Ein Hektar pro Stunde
Deshalb soll das Pilotprojekt des Staatsweingutes jetzt austesten, wo überall Start- und Landepunkte angelegt werden. »Wir fliegen grundsätzlich auf Sicht, etwa 4 bis 5 km/h schnell und 2,50 Meter über dem Rebstock«, erklärt Manuel Ursel. Im Gepäck hat die Drohne ein 30-Kilo-Kanister mit Pflanzenschutzmittel, das punktgenau ausgebracht wird. Die Arbeitsflüge starten zunächst am »Wackerbarthberg« und »Am Goldenen Wagen«“. Im Weinbau rechnet er in einer Stunde mit einem Hektar – im Ackerbau mit 16 Hektar pro Stunde. Weinbauleiter Till Neumeister erklärt, dass dadurch kein Personal überflüssig wird – schließlich fällt bei 300.000 Rebstöcken auf 90 Hektar viel Arbeit an.
Für das Staatsweingut ist der Einsatz von Agrardrohnen vielmehr der nächste Schritt auf dem langen Weg einer sinnvollen Digitalisierung, bei der Radebeul durchaus ganz vorn dabei sein möchte. »In den USA oder Neuseeland ist man beim Thema autonomes Fahren viel weiter«, konstatiert Martin Junge, Leiter Kommunikation. »Wir verbinden altes Wissen der Winzer mit neuester Technologie«, so Junge.
Inventur am Weinberg
Ob sich so Pflanzenschutzmittel sparen lassen, ob es im Lebensraum Weinberg ruhiger wird im Vergleich zur Traktoren-Bewirtschaftung – vieles ist jetzt im Test.
Damit die Agrarhelfer sinnvoll fliegen können, braucht es auch weiterhin viele kleine Helferlein – kleine Drohnen, die Daten liefern.
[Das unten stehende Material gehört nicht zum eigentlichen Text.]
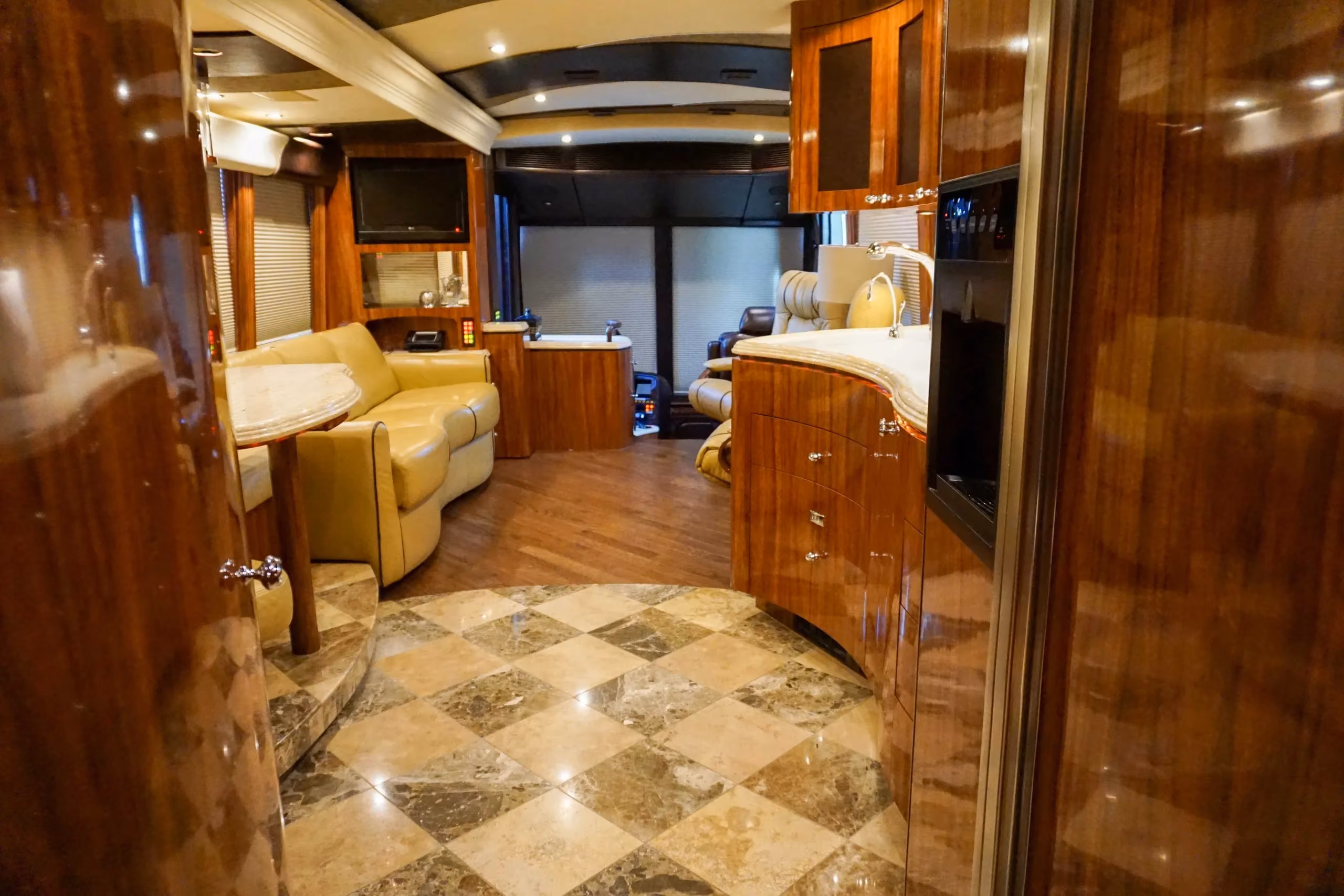 Interior rear bedroom suite of Marathon Coach 1135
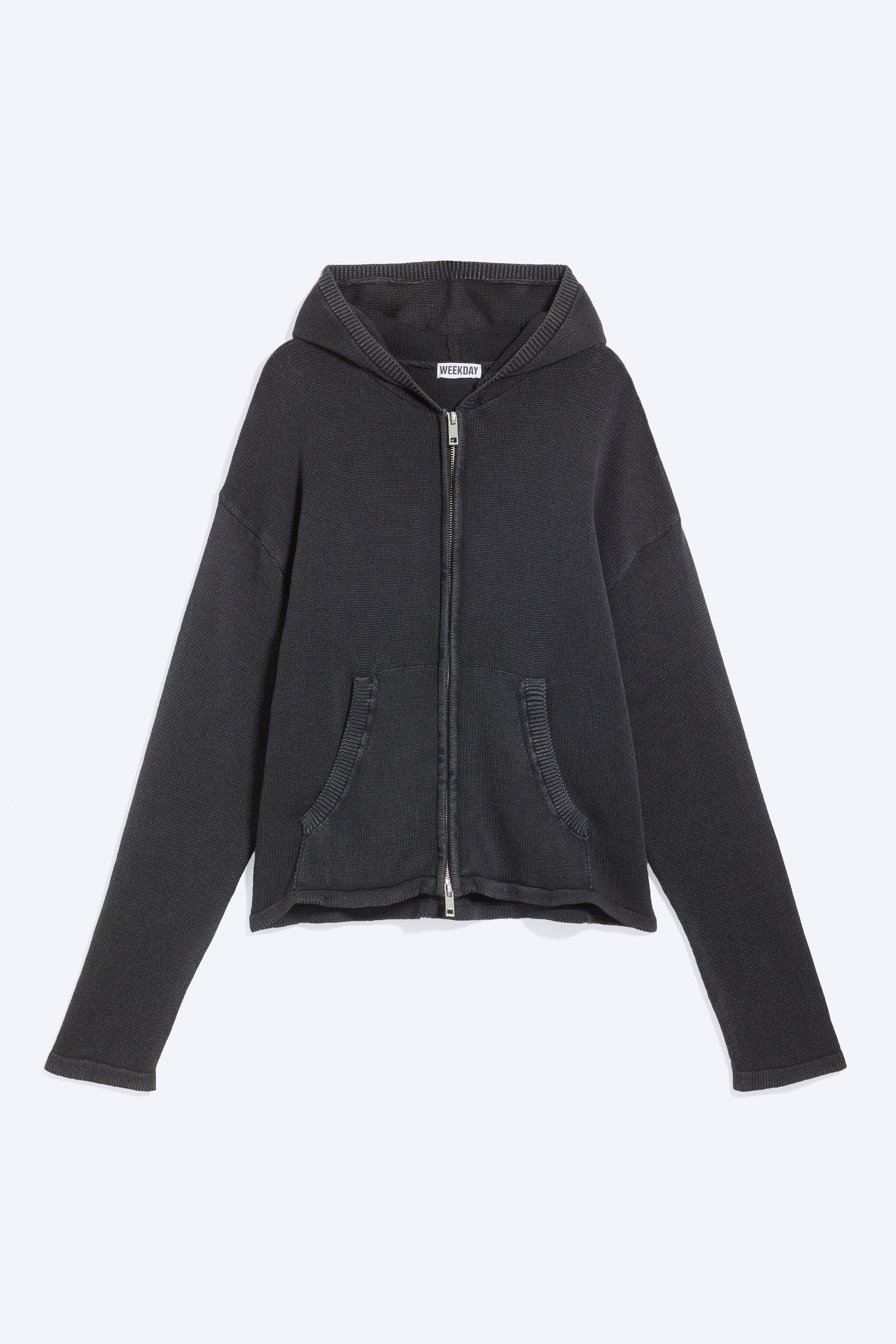 Felpa in maglia con cappuccio e zip - Nero lavato/Beige polvere chiaro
Seit 10 Jahren beschäftigen sich die Winzer damit, nicht nur ihrer Erfahrung zu folgen, sondern auch digitalen Analysen. Zunächst haben Drohnen schlicht die Rebstöcke gezählt – Inventur am Weinberg sozusagen. Im Frühsommer messen Drohnen die Photosynthese, also wie vital die Rebstöcke sind. Im Hochsommer zeigen die Helferlein, per Wärme-Messung an, wo die Hitze dem Weinberg zu schaffen macht. Die Spektralanalyse deckt auf, warum nicht jede Traube am Hang gleich gut gedeiht.
So wie es auf jedem Acker trockene oder besonders nasse Stellen gibt, ist auch der Weinberg eine Landschaft aus unterschiedlichen Untergründen, Licht- und Nährstofflagen. Seit letztem Jahr gibt es im Staatsweingut daher zwei eigene Wetterstationen, eine unterhalb des Wackerbarthberg in Radebeul, die andere auf der Seußlitzer Heinrichsburg in Diesbar-Seußlitz. Beide erfassen für den Winzer wichtige Daten wie Blattnässedauer, Bodenfeuchte oder Windgeschwindigkeit. Die Wetterstationen liefern sogar eine aktuelle »Pilzdruck-Prognose«. Daraus lassen sich wertvolle Daten ableiten. »So wissen wir genau, wann, wo und wie wir Winzer ran müssen«, erklärt Weinbauleiter Till Neumeister.
Mit der Zeit entstehen Datenportale, die für jede Weinlage das besondere Mikroklima herausarbeiten. Im Weinbaugebiet Sachsen reifen zwischen Pirna und Diesbar-Seußlitz auf rund 60 Kilometern aktuell über 70 verschiedene Rebsorten. So verschieden die Trauben, so unterschiedlich sind auch die Standorte. Da ist noch viel Luft nach oben.